Fernando Valverde (Granada, Spain 1980) has been voted the most relevant Spanish-language poet born since 1970 by nearly two hundred critics and researchers from more than one hundred international universities (Harvard, Oxford, Columbia, Princeton, Bologna, Salamanca, UNAM, and the Sorbonne).
His books have been published in different countries in Europe and America and translated into several languages. He has received some of the most significant awards for poetry in Spanish, among them the Federico García Lorca, the Emilio Alarcos del Principado de Asturias, and the Antonio Machado. His last book, The Insistence of Harm, has been the most-sold book of poetry in Spain for months and has received the Book of the Year award from the Latino American Writers Institute of the City University of New York.
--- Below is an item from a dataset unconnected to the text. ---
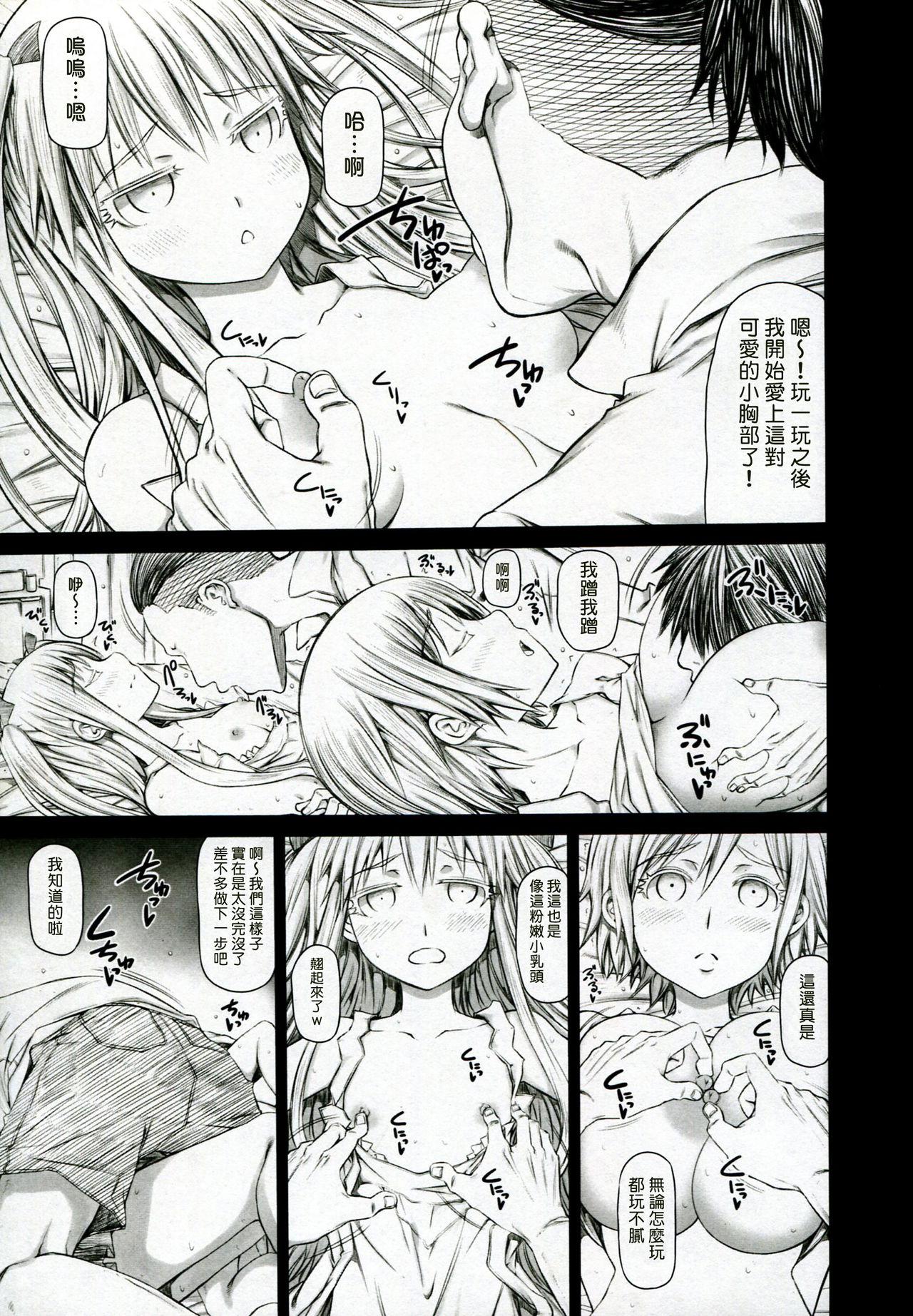 Amateursex Angela to Su ga Heya ni Iru. - Genshiken Scene - Page 7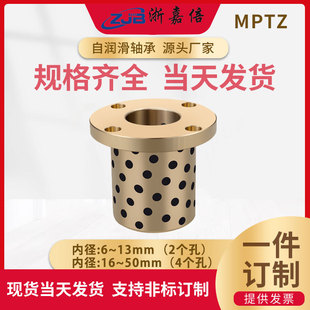 MPTZ�ȏ�6-50mm�A���mʯī�~���~�r���ԝ����S�Пo���r�� ��α�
He was nominated for a Latin Grammy in 2014 for his collaboration in a work of fusion between poetry and flamenco.
For ten years he has worked as a journalist for the Spanish newspaper El País. He has been, for more than a decade, the director of the International Festival of Poetry in Granada, one of the most important literary events in Europe, that has received more than 300 authors, including several Nobel Prize laureates. He has taught Poetry at the University of North Georgia, and at Emory University, in Atlanta, and he is now teaching Poetry and Literature in Spanish at the University of Virginia.
A world-renowned Hemingway scholar and past president of the Ernest Hemingway Foundation and Society, professor Allen Josephs was also president of the South Atlantic Modern Language Association in 2008. He has written ten books, including On Hemingway and Spain: Essays & Reviews 1979–2013 and White Wall of Spain: The Mysteries of Andalusian Culture, four critical editions of the poetry of Federico Garcia Lorca, and numerous articles published in The Atlantic, The New Republic, The New York Times Book Review, and other scholarly publications.
Josephs received the George B. Smith Arts and Letters Award by the National Association of Taurine Clubs for his book Ritual and Sacrifice in the Corrida and was conferred an honorary membership in the Taurine Bibliophiles of America for his outstanding contributions to taurine scholarship. In recognition of his distinguished record of scholarly and creative activities, Josephs was named UWF’s Faculty Distinguished Research and Creative Activities Scholar in 2007 and 1981.
After writing about Hemingway and Spanish culture for more than forty years, Josephs has turned his attention to Pulitzer-Prize winning American novelist Cormac McCarthy, whom Josephs considers one of the greatest living novelists. Currently, he is also translating the work of Spanish poet Fernando Valverde.